As described above, too often design verification does not receive the amount of attention needed to

ensure success in the latter stages of a device development program. While not a perfect representation

of what goes on in all device companies, it is interesting to look at the FDA’s design control audit

findings to see what problems they have found with companies’ design verification programs. Figure 1,

shows the number of warning letters in the FDA’s database that include findings related to specific

sections of the Design Control regulation (21 CFR 820.30).

Figure 1: Design Control Warning Letters


of 12



Interestingly, the most observations were found with regard to the Design Change, Design Validation,

and the General design control sub headings (the “General” findings suggest an overall failure of the

company’s design control process). We argue that failures in these three areas are largely the result of

poor performance in the earlier stages of the program (e.g., validation failures due to poorly structured

input requirements, outputs and incomplete verification; and design change failures due to an

ineffective system to update verifications and validations when changes are made).

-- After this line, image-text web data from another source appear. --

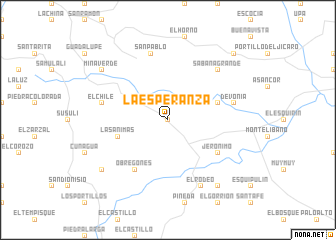 map of La Esperanza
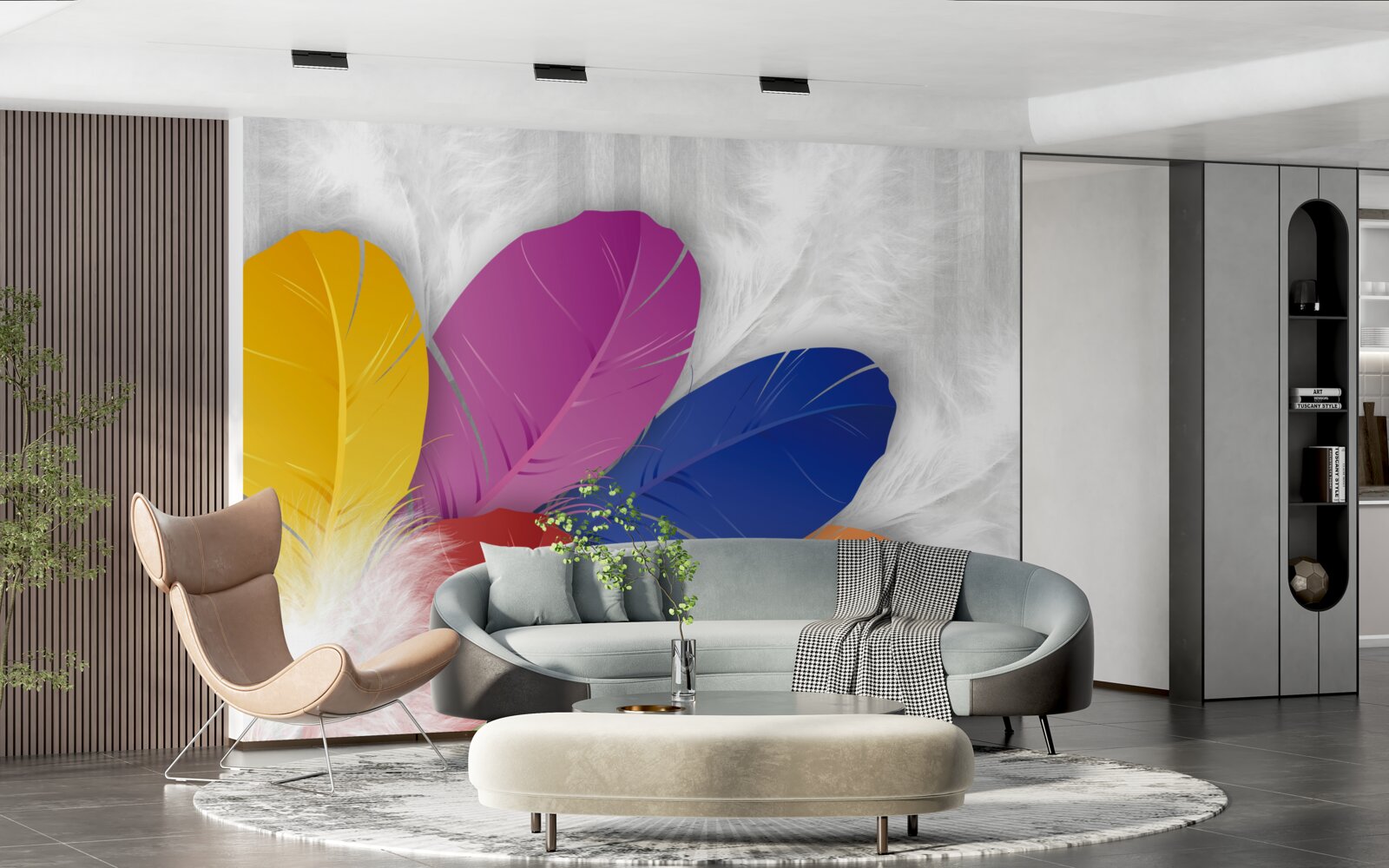 Fototapeta jasne i starannie wypolerowane pióra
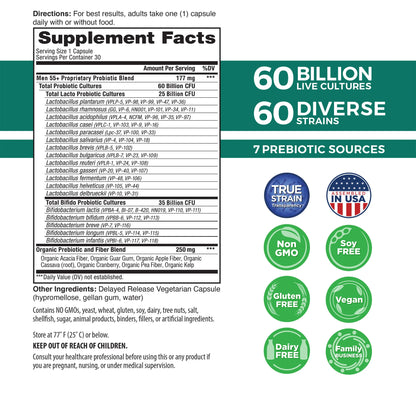 VITAL FLORA MENS DAILY 55+ PROBIOTIC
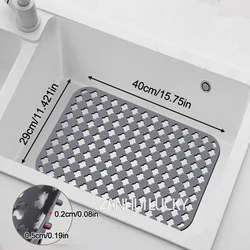 Durable Silicone Sink Protector & Heat - Resistant Drying Mat - Silicone (New dark grey)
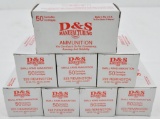 .223 Rem. custom loaded ammunition (8) boxes D&S Manufacturing Inc. 55 grain FMJ M5 (50) rounds per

Of the remaining categories, most warning letters cite 21CFR 820.30(f) – Design Verification. In these 64

warning letters, the FDA identified that the manufacturer did not complete all required verifications in

nearly 45% of the cases. A lack of (or significant gaps in) verification procedures were identified in about

25% of the warning letters. In addition, out of specification results, a lack of records in the DHF, and a

lack of acceptance criteria were found in 16%, 14%, and 14% of these companies, respectively. Figure 2

provides a breakdown of all of the types of violations identified in these warning letters.

Figure 2: Types of Design Verification Violations


of 12



Note: 92 separate violations were identified in the 64 warning letters.

Why are these failures occurring? One possibility is that by viewing verification as a “regulation”, device

developers are losing sight of the fact that conducting verifications is simply “good engineering”. For

example, it makes no sense to move forward with the development of a component before you are sure

that the material properties meet the performance and safety requirements established in the design

inputs.

This “meeting the regulations” mindset can lead engineers to view design verification simply as a task

that must be checked off by QA instead of valuable tool for building knowledge about their device.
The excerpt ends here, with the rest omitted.